Thatcher did not anticipate Falklands crisis

December 29, 2012 02:50 am | Updated 02:50 am IST - LONDON:

Margaret Thatcher admitted that she did not anticipate the Falklands crisis and was taken by surprise when Argentina invaded the disputed Islands in April 1982, according to documents released on Friday.

The invasion sparked a war that Britain won massively, boosting her popularity.

“I never, never expected the Argentines to invade the Falklands head-on. It was such a stupid thing to do, as events happened, such a stupid thing even to contemplate doing”, said the then Conservative Prime Minister, a few months after the war ended.

Giving evidence to the Falkland Islands Review Committee, chaired by Lord Franks, whose full transcript has been made public for the first time, she said: “You can imagine that turned a knife in my heart, that lot.”

Describing it as the “worst moment” of her life, Mrs Thatcher said: “That night no-one could tell me whether we could retake the Falklands — no-one. We did not know — we did not know.”

One historian described the documents, released at the end of the 30-year embargo, as among the “most powerful material” declassified in the last three decades.

Though the crisis had been building up for sometime, it was barely two days before she was shown the “raw intelligence” that she thought an invasion was likely. But by then it was too late — and on April 2, Argentina occupied the Islands. A two-month long war ensued, ending with the surrender of Argentine forces in June. The then Foreign Secretary Lord Peter Carrington was widely accused of ignoring the warning signals in the run-up to the invasion and was forced to resign.
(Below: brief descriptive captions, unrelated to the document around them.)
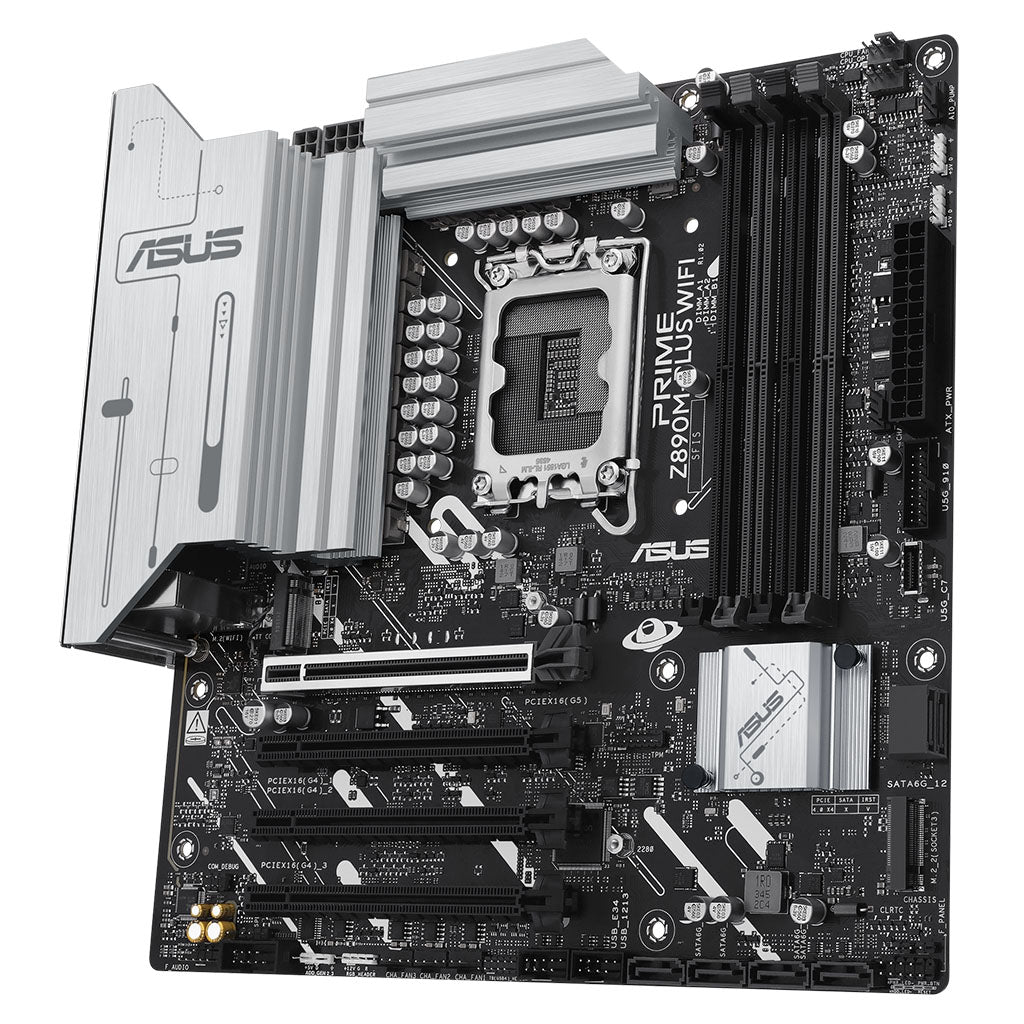 ASUS PRIME Z890M-PLUS WIFI-CSM Intel LGA 1851 Micro-ATX Motherboard(PRIME Z890M-PLUS WIFI-CSM) - 3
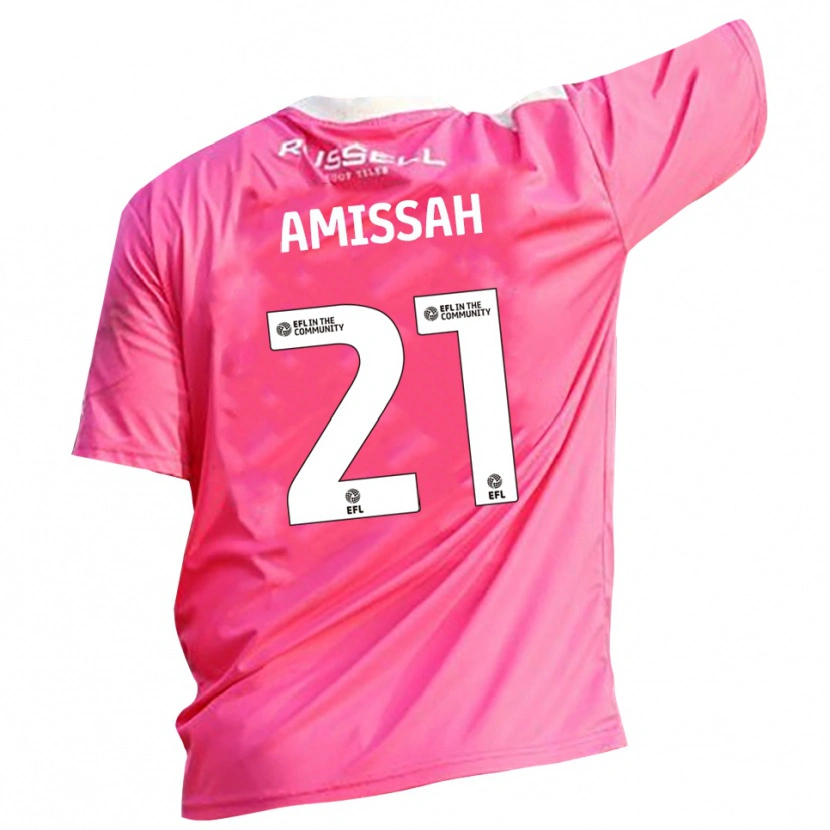 Danxen Homem Jordan Amissah #21 Rosa Rose Camisola Guarda-Redes 2025/26 Camisa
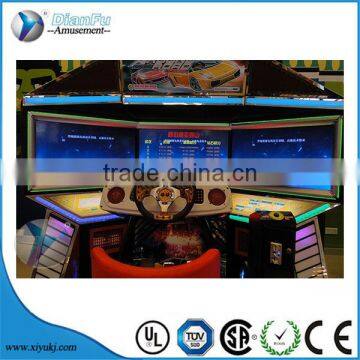 42 Inch LCD 3 Screens Coin Pusher Arcade Kids Grown Ups Simulator Exciting Real Driving Machine photo-4
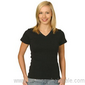 Ladies V Neck Short Sleeve Tee small picture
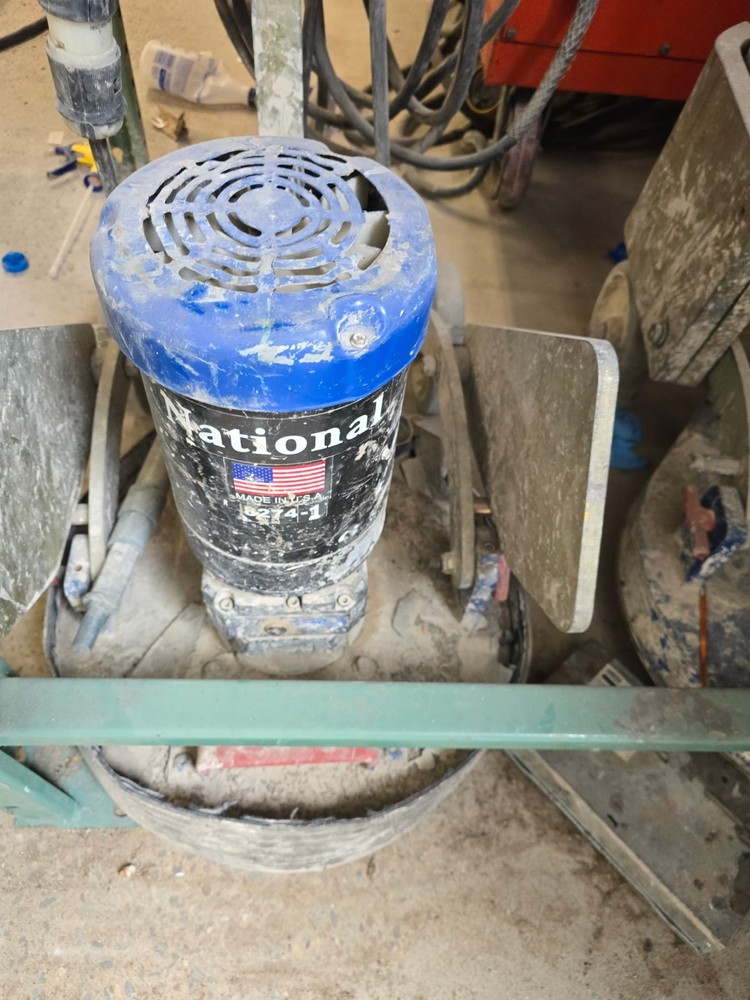 National 8274-4 concrete floor grinder machine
He told the Franks Committee: “I have been accused, and was accused violently after April 2 in the House of Commons, and in the press and elsewhere — of wilfully ignoring signs and statements and evidence, and just ignoring it. I can truthfully say I did not do any of these things… they [the signs] were not there.” The war soured relations with the U.S., which was suspected of backing the Argentinian claim to the U.K.-administered Islands.